The clinical significance of HCV antibody S/CO values in the diagnosis of active HCV infection in cancer patients
10.3760/cma.j.issn.1009-9158.2018.06.007
- VernacularTitle:肿瘤患者丙肝病毒抗体结果在HCV现症感染诊断中的临床价值
- Author:
Minjie WANG
1
;
Binbin HAN
;
Linkun SUN
;
Xuexiang LI
;
Xiaohong HAN
;
Wei CUI
Author Information
1. 100021,国家癌症中心/中国医学科学院北京协和医学院肿瘤医院检验科
- Keywords:
Liver neoplasms;
Hepatitis C antibodies;
RNA,viral;
ROC curve
- From:
Chinese Journal of Laboratory Medicine
2018;41(6):442-445
- CountryChina
- Language:Chinese
-
Abstract:
Objective To investigate the clinical significance of HCV antibody S /CO values in active HCV infection diagnosis in cancer patients .Methods 390 cancer patients were enrolled from Cancer Hospital Chinese Academy of Medical Sciences between January 2013 and April 2015.All of the cancer patients had pathological diagnosis , including 240 males and 150 females, aged from 25 to 83 years old.

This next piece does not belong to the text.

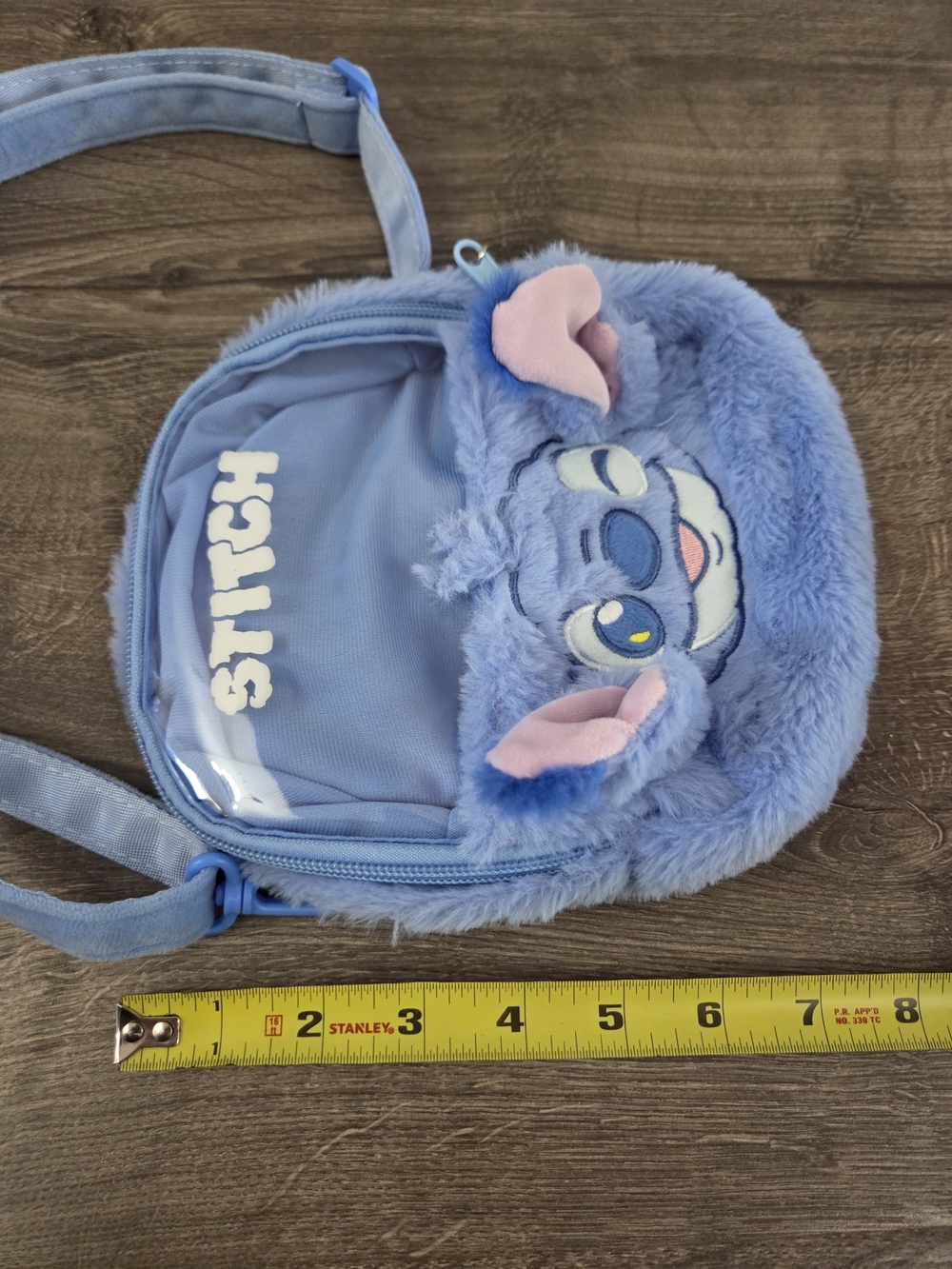 Miniso Stitch Inspired Plush Crossbody Bag - Picture 6 of 6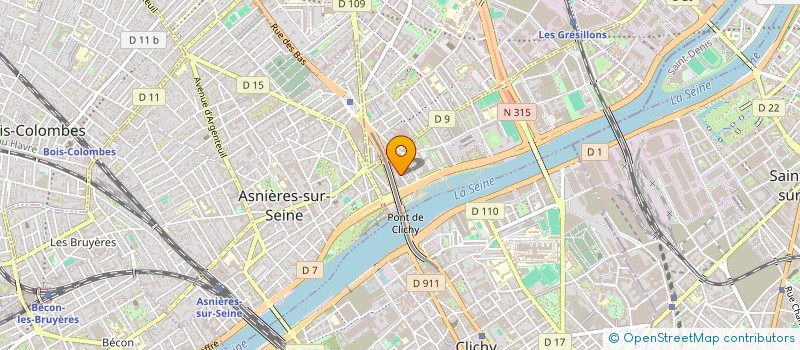 localisation de l'entreprise JLN SERVICES à ASNIERES-SUR-SEINE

HCV antibody and HCV RNA levels were detected using the Abbott i 2000 immunity analyzer and Roche LC480 real-time fluorescent quantitative PCR machine , respectively.The relationship between HCV antibody S/CO value and RNA level was analyzed in the group of HCC and non-HCC patients.Results There were obvious statistical differences in age (P=0.004), gender (P<0.001) and HCV antibody levels (P<0.001) between the group of HCC and non-HCC patients.There was no statistical difference in distribution of RNA positive rate between the two groups (P=0.528).Using ROC curve analysis, the best cut-off value to diagnose active HCV infection in cancer patients is 10.0 with sensitivity 97.6%and specificity 81.3%. According to the results of the ROC curve , the cut-off was 11.4 and 10.4 in HCC and non-HCC patients respectively.Conclusion The best cut-off value to diagnose active HCV infection in cancer patients is 10.0, either in HCC or in non-HCC.